Produced by journalist Tom Fawthrop, the film, “The Great Gamble on the Mekong: Are we Killing the Mekong Dam by Dam?” looks closely at the impact of the controversial dam. (Photo courtesy: Tom Fawthrop)
Produced by journalist Tom Fawthrop, the film, “The Great Gamble on the Mekong: Are we Killing the Mekong Dam by Dam?” looks closely at the impact of the controversial dam. (Photo courtesy: Tom Fawthrop)

Editor’s note: A new documentary film about Don Sahong dam project in Laos recently premiered in Phnom Penh. Produced by journalist Tom Fawthrop, the film, “The Great Gamble on the Mekong: Are we Killing the Mekong Dam by Dam?” looks closely at the impact of the controversial dam, plans for which are moving forward despite widespread opposition and the fear it will permanently damage fish ecology for the entire region.

Why did you make this film?

The intention of making this film is to go beneath the surface of the claims of governments, particularly the Lao government, and the hydropower lobby, who constantly tell us how we need more energy; the region wants more electricity to be generated; that hydropower is a clean form of energy. That’s true, of course, yes, countries do need more energy, but they also need to protect precious natural resources. For example, fisheries, which provide fantastic food security for the region, unique in the world, because the Mekong River happens to be the one river in the world which is providing food, livelihoods and many other benefits for a population between 60 and 65 million people across the four countries: Thailand, Laos, Cambodia and Vietnam.

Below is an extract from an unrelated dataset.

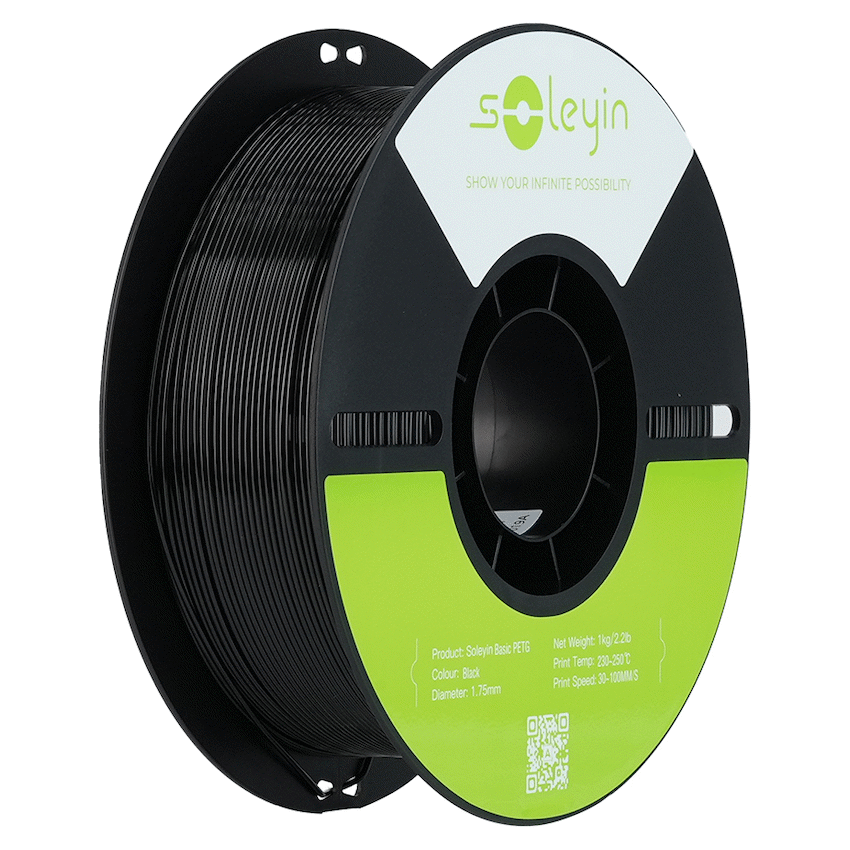 Soleyin Basic PETG Black_1.75_1KG_Black Neutral Tray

The Don Sahong dam is supposed to be built on just one of the many channels the Mekong River divides into, in the area of Siphandon in southern Laos, so why is it a concern for both upstream and downstream countries?

The reason why this particular channel where the dam is being built is such an enormous international concern, so much so that more than 100 scientific experts from universities around the world concerned with geography, concerned with wetlands, concerned with conservation, signed a petition that this is an area which there should never be a dam. And the reason they gave and the reason the other governments along the Mekong give for being worried is that the Sahong channel, of all the seven channels that the Mekong divides into in this area called Siphandon—which translates in English as four thousand islands—is the only channel that all the year around, the majority of fish can swim upstream around the rapids, around the waterfalls, from Cambodia and even some of them really long distance, strong large fish can swim all the way up from the Delta in Vietnam into Laos. This is a unique passageway.

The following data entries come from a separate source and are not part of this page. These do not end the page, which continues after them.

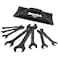 DURATECH SuperThin Open End Wrench Set SAE 8Piece14 to 1116 Black Electrophoretic Coating with Rolling Pouch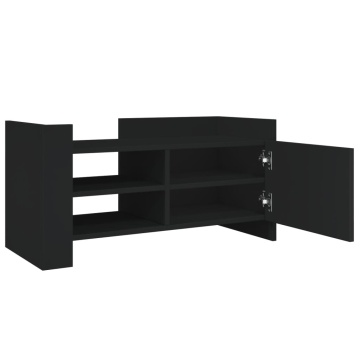 Comodă TV, negru, 80x35x40 cm, lemn prelucrat - Img 6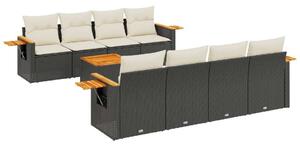 VidaXL Polyrattan Kerti Ülőgarnitúra - 9 részes - Fekete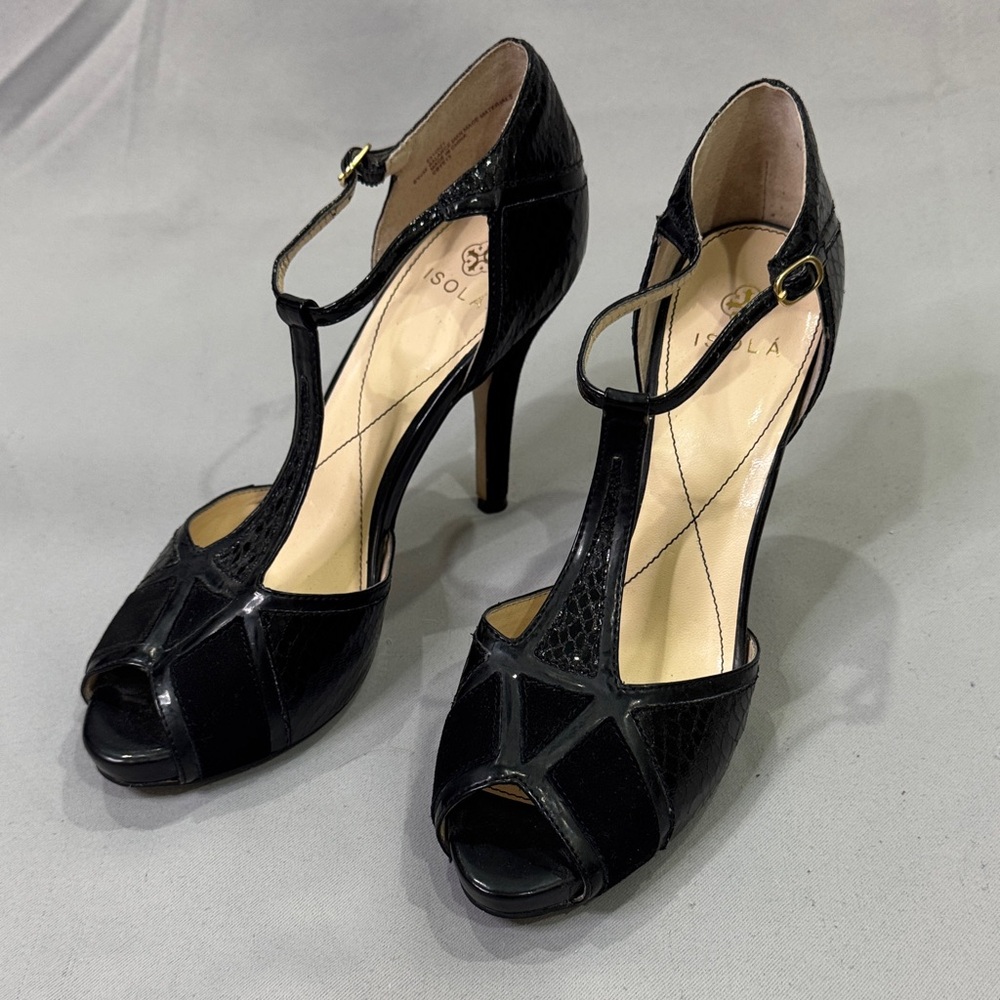 Isola Black Mixed-Material T-Strap Heels Size 8.5 | 4” Heel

But at a recent meeting in Pakse, Laos, Mega First, the company building the dam, said there would be no significant impact of the dam on both upstream and downstream countries.

It’s very easy to counter that argument. They are in no position to make this claim without conducting investigation, scientific research into what we call trans-boundary effects. You can throw out comments—‘It won’t have any impacts’—but where is the science? They haven’t produced any reports about what the impacts might be on Cambodia, what the impacts might be on northeast Thailand, because eight provinces of Thailand also border the Mekong. That’s why so many Thai people are involved in demonstrations as well against the Don Sahong dam.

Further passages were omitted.